What it lacks in the first two to more than makes up for over distance. He also seems oblivious to the possibility that quasars and "black holes" provide perfect such environments.
And, needless to say, there is no electrostatic shielding of the hydrogen nuclei (i.e., protons) in intergalactic space -- it is not physically possible. Bzzzt.
Ok, I'll bite. Why not? I hope he realizes that conditions around quasars and "black holes" will be my first question to him. What current density does he *assume* might apply there?
Keep in mind that there are already four known causes of plasma redshift that work in the lab. It would take an act of God for them (collectively) to not work in the plasmas of spacetime the same way they work in the lab. Lambda-CDM theory makes no allowance at all (none) for *any* redshift from any of the known mechanisms of plasma redshift. It's therefore not surprising that they need placeholder terms for what amounts to human ignorance. They are quite ignorant of the laws of plasma physics! That's also why they are collectively incapable of even citing a known source of 'dark energy', let alone a control mechanism for it.
FYI, one common misconception is that an interaction with a particle automatically leads to a change in trajectory. Ned makes no distinction between them in fact. It's *entirely* possible for photons to pass on their kinetic energy to electrons/protons in the direction of the photon's travel path, particularly polarized light and coherent light. As long as the photons pass on their collective energy to the particle in question, in it's direction of travel, no defection of the photons occur, and the loss of momentum/kinetic energy is towards it's original travel path. There's not even any guarantee that every redshift event will result in a deflection of the photon(s). Ned Wright's original claim is false. Not only can particles in space pick up momentum from photons, they can do so without deflecting the photon. Every claim Ned made was either false, or stuck a decade or more in the past.

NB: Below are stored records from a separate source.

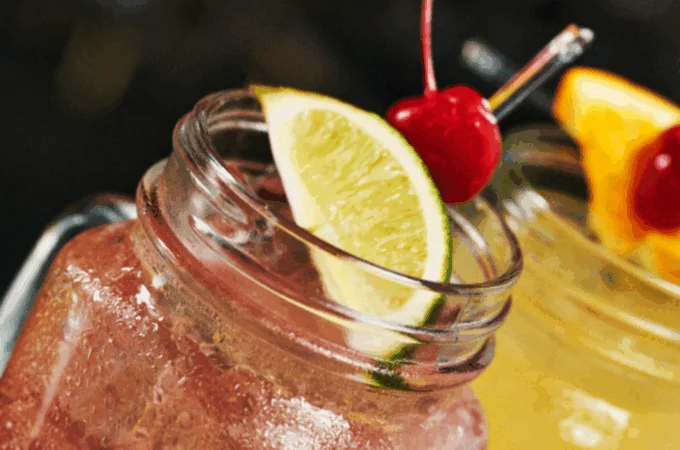 Mason jar cocktails with cherry and lime garnishes, perfect for unique holiday drinks ideas.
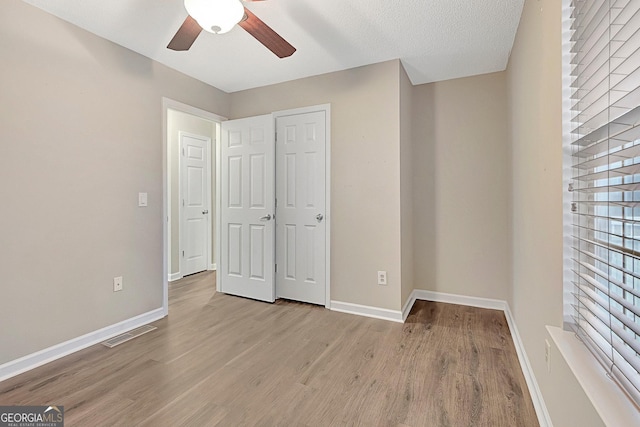 unfurnished bedroom featuring ceiling fan, light hardwood / wood-style floors, and a textured ceiling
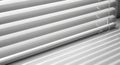 Close up of white horizontal window blinds casting striped shadows on a surface Royalty Free Stock Photo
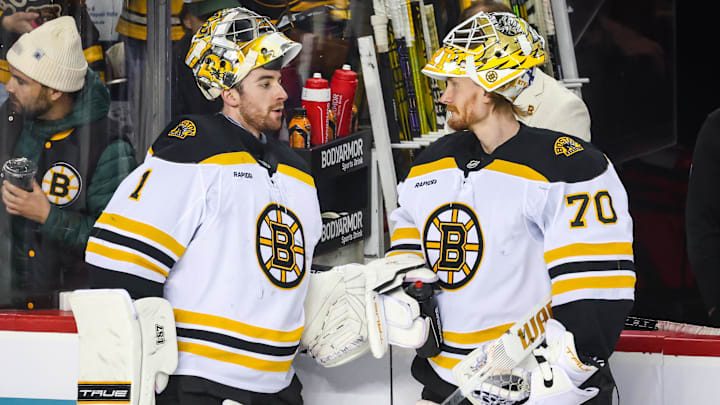 Dec 17, 2024; Calgary, Alberta, CAN; Boston Bruins goaltender Jeremy Swayman (1) and goaltender Joonas Korpisalo (70) during the warmup period against the Calgary Flames at Scotiabank Saddledome. Mandatory Credit: Sergei Belski-Imagn Images merp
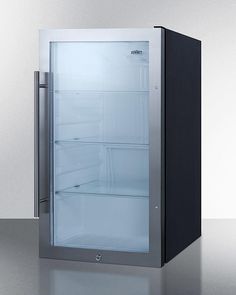 an empty refrigerator sitting on top of a counter next to a white wall and floor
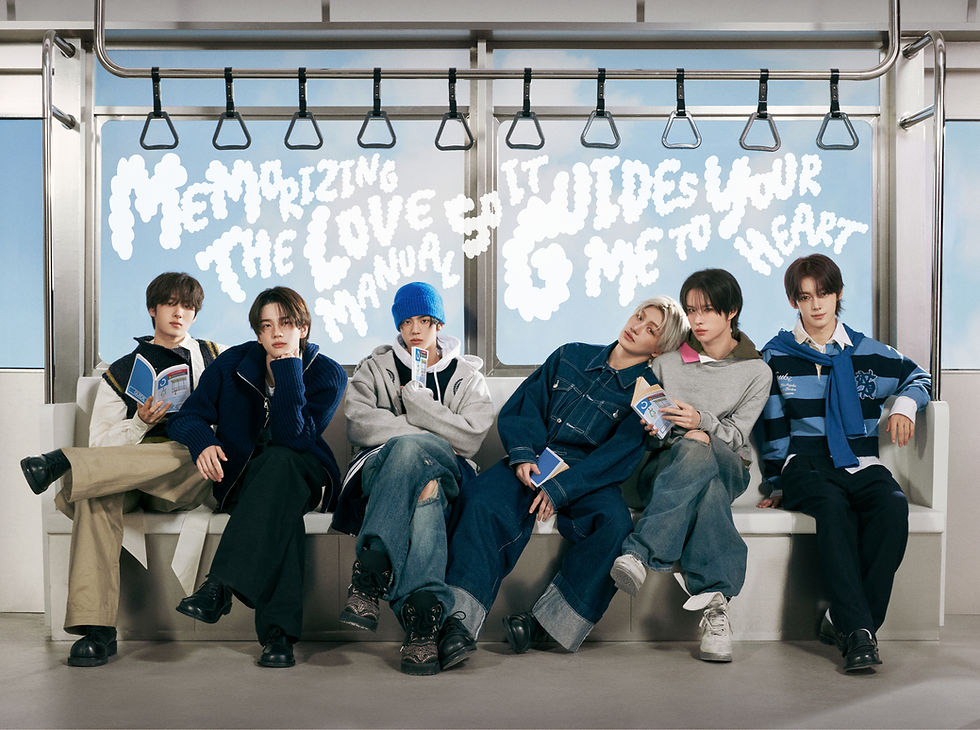 6 members of TWS sitting on a subway train bench with "Memorizing the love manual so it guides me to your heart" written in a cloud style font on the window behind them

Your friend seemed to suggest that adapting to observational results and making appropriate changes to various models is a good thing, but when Holushko did that for him with supernova data, and Ashmore did that for him over the past year, how did he respond? He essentially handed you a rebuttal from 11 years ago and rejected Ashmore's work. FYI, there's a link below to Holushko's work. Perhaps you could get your friend to respond to a more *modern* tired light/plasma redshift theory, one that *includes* supernova data, rather than ancient one?